> What is required: In your copy, leave out the pictures and reproduce the listing below exactly.

> Exercise data:
# # # # # # #
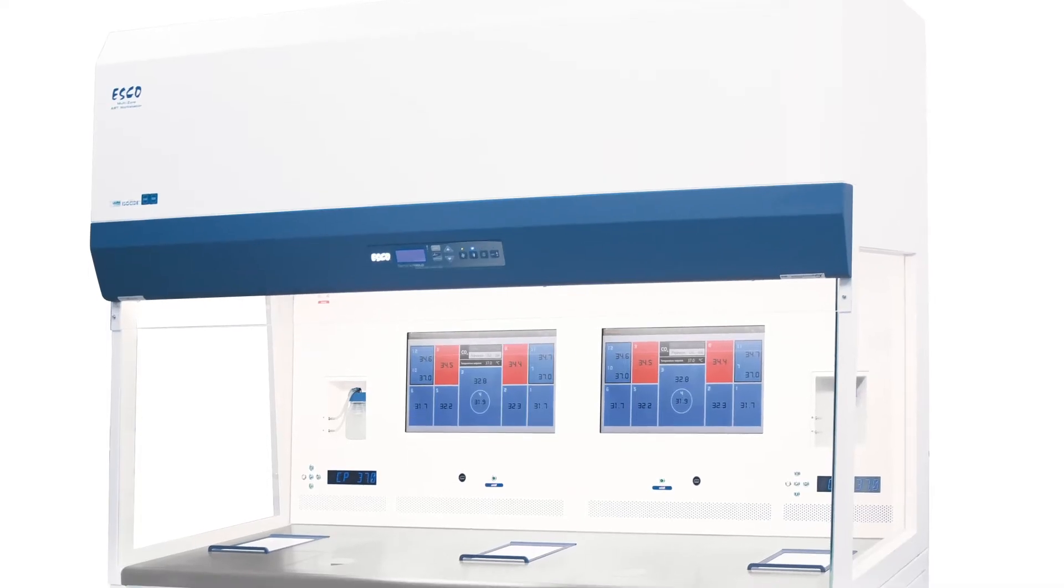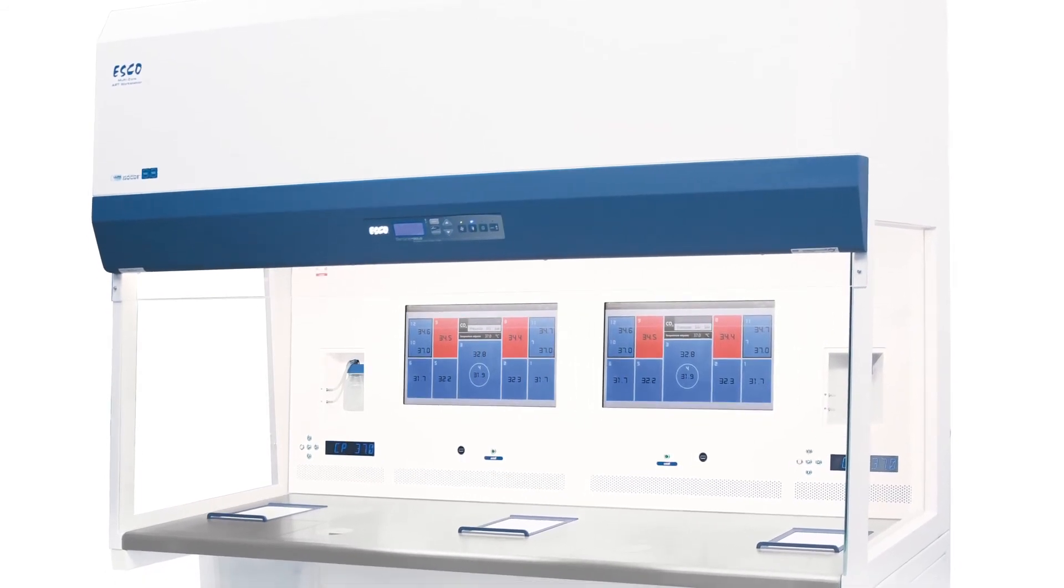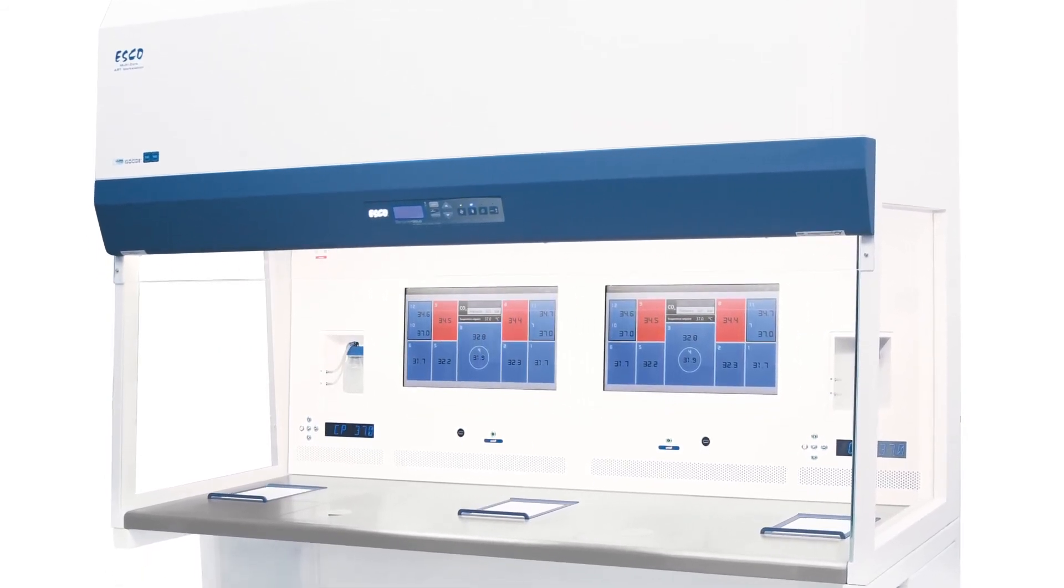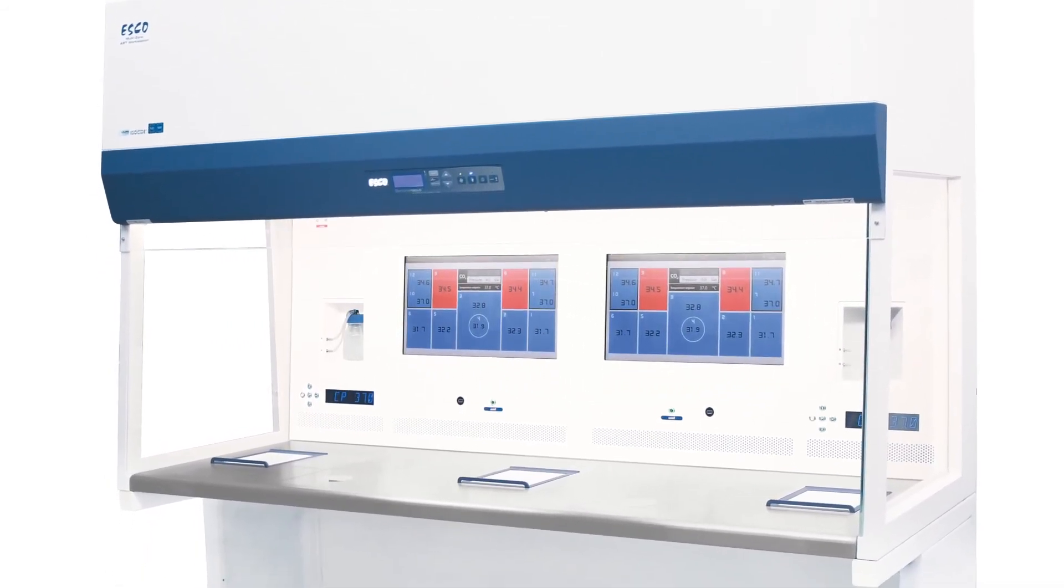ESCO Multizone ART Workstation has it all. Undeniably, it is at the top of its class. Want to add ESCO Multizone ART Workstation on your IVF lab? Contact us.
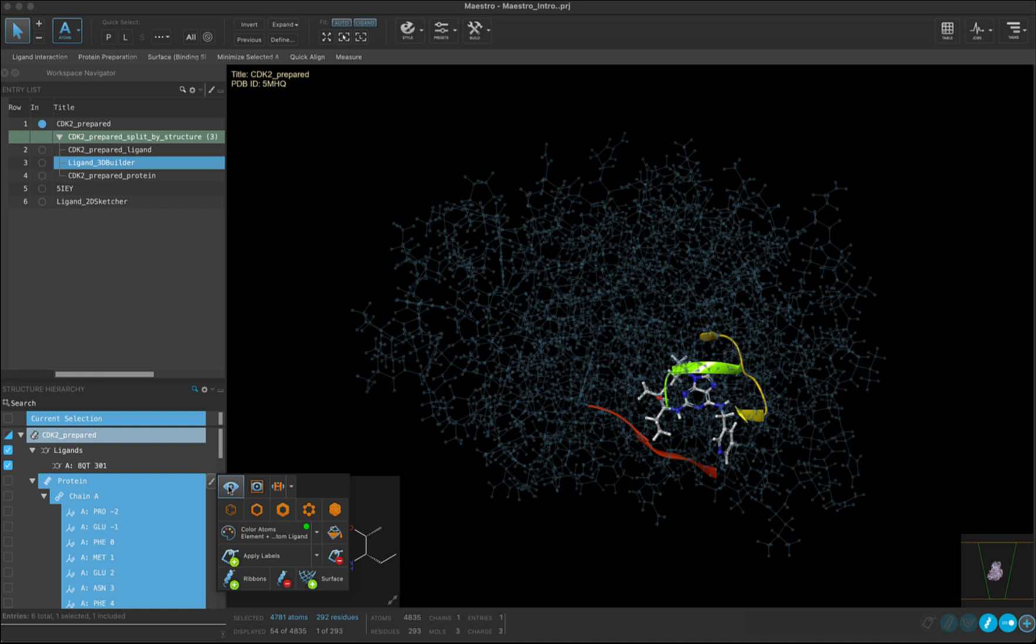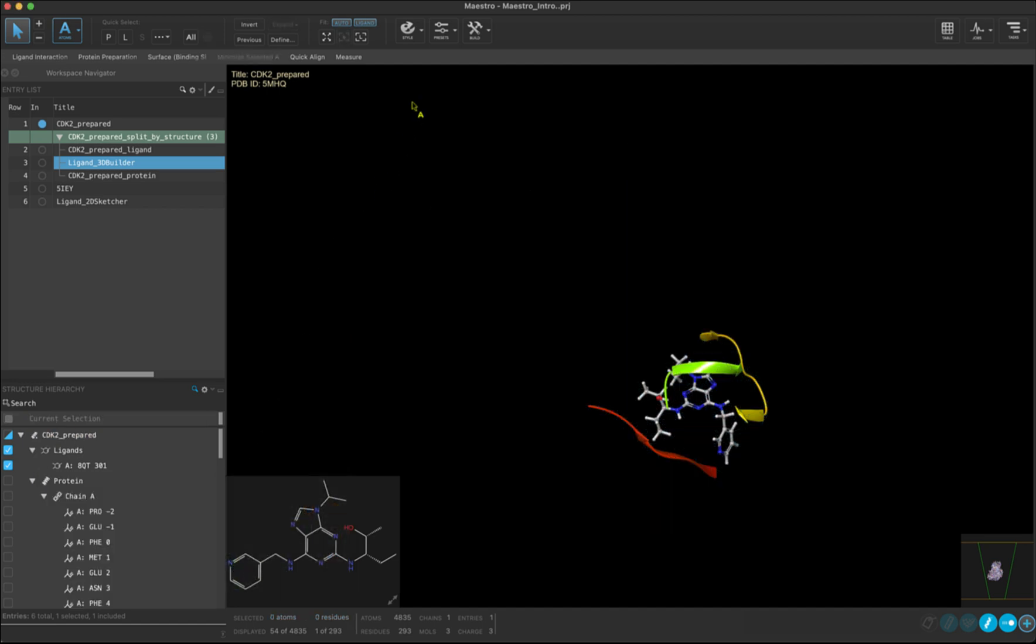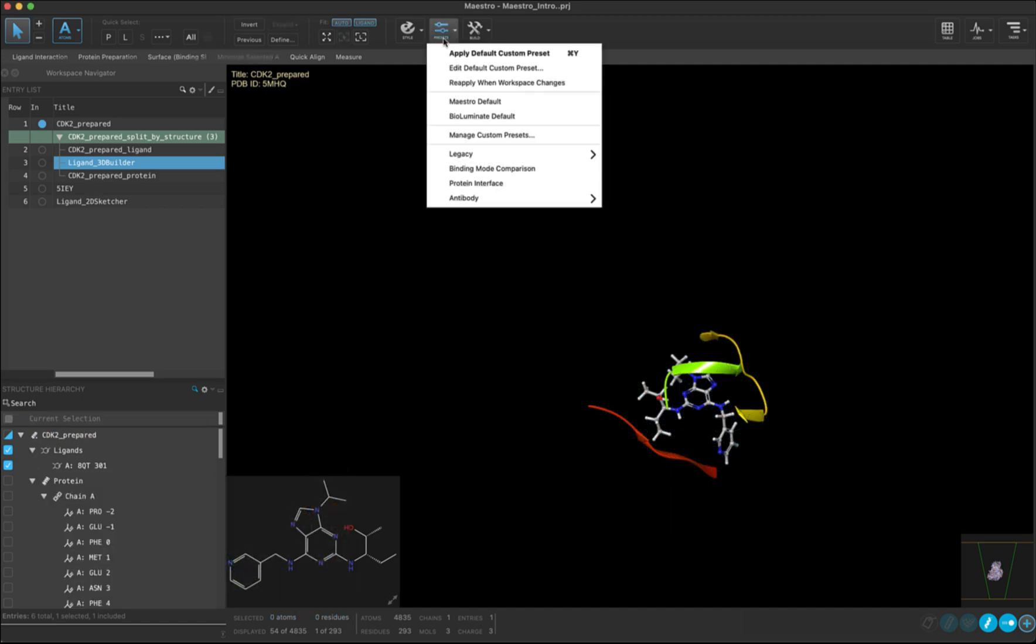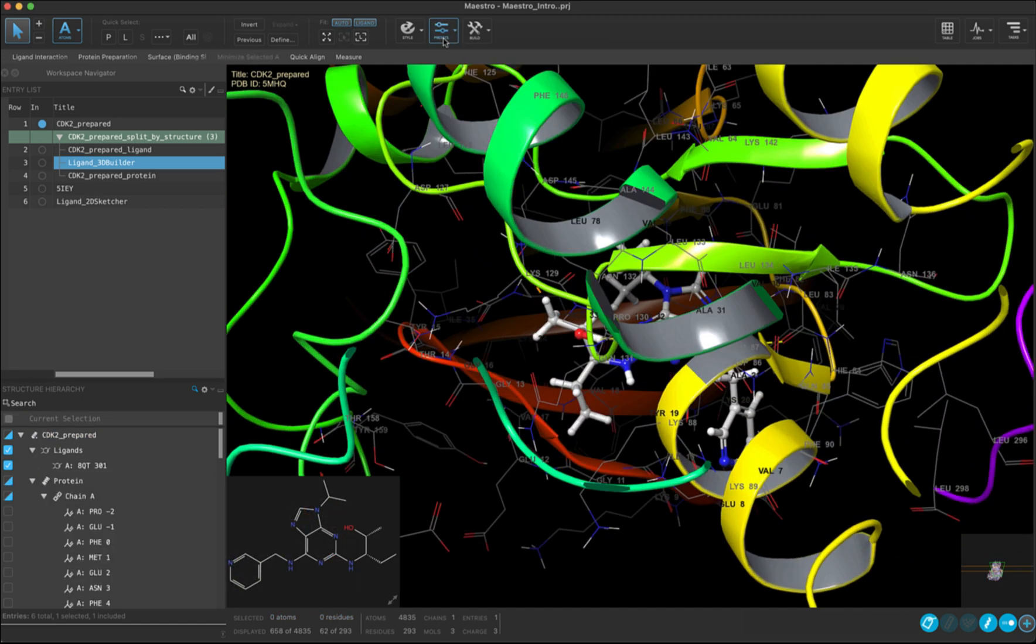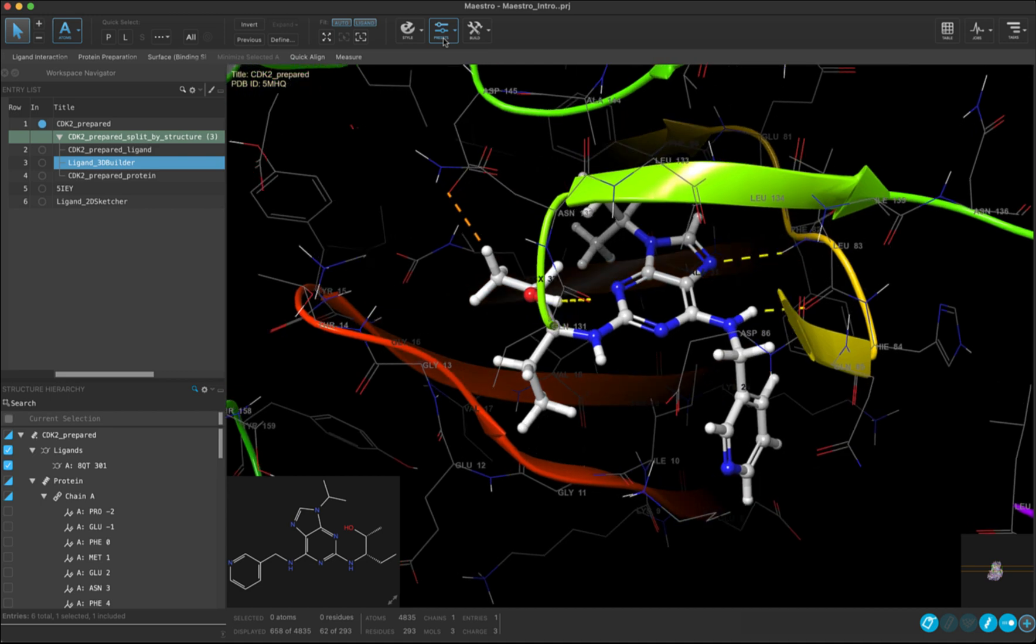If we want to reset the view to how we just had it, we can come up once again to presets and double click to reset the view so that residues that are within a certain cutoff distance from the ligand are displayed.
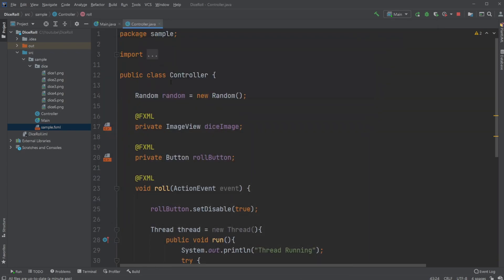So inside my controller, I have all these components, but actually quite important as well, I have a folder containing all my dice images inside my source sample and dice.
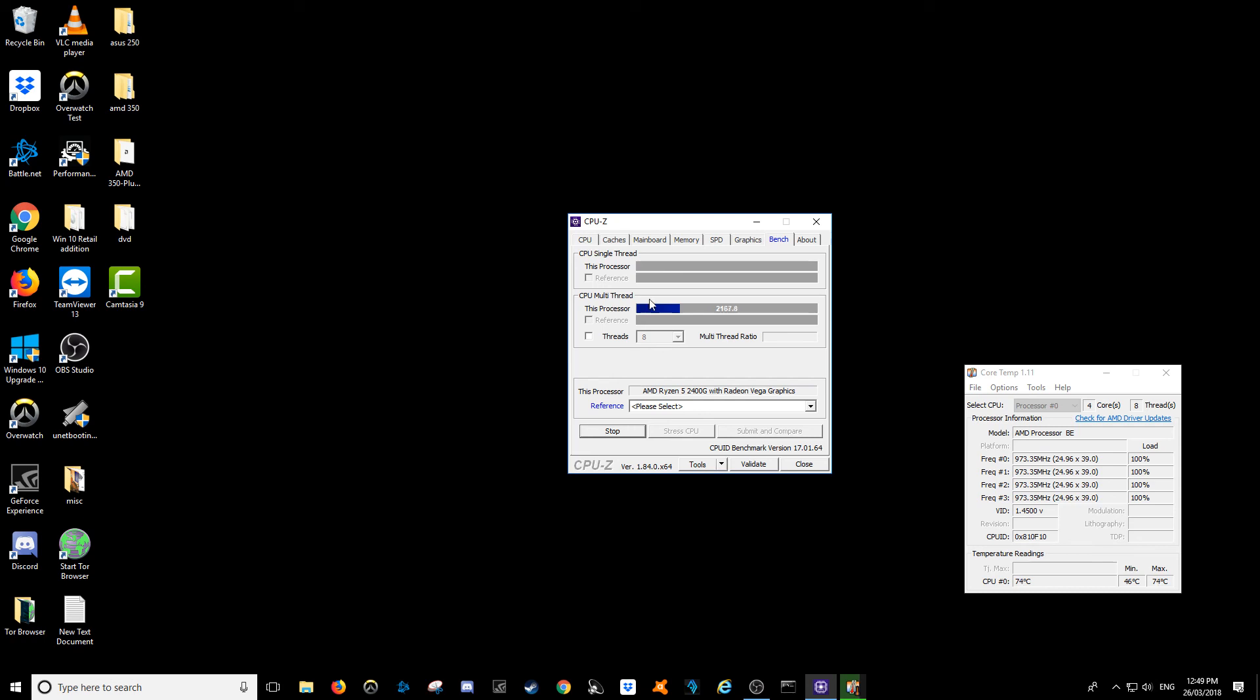The multi-thread operation which it seems to be first is hitting around the 2150 mark, which is fantastic, that's great to see.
# # # # # # #
> Output for this task:
ESCO Multizone ART Workstation has it all. Undeniably, it is at the top of its class. Want to add ESCO Multizone ART Workstation on your IVF lab? Contact us.
If we want to reset the view to how we just had it, we can come up once again to presets and double click to reset the view so that residues that are within a certain cutoff distance from the ligand are displayed.
So inside my controller, I have all these components, but actually quite important as well, I have a folder containing all my dice images inside my source sample and dice.
The multi-thread operation which it seems to be first is hitting around the 2150 mark, which is fantastic, that's great to see.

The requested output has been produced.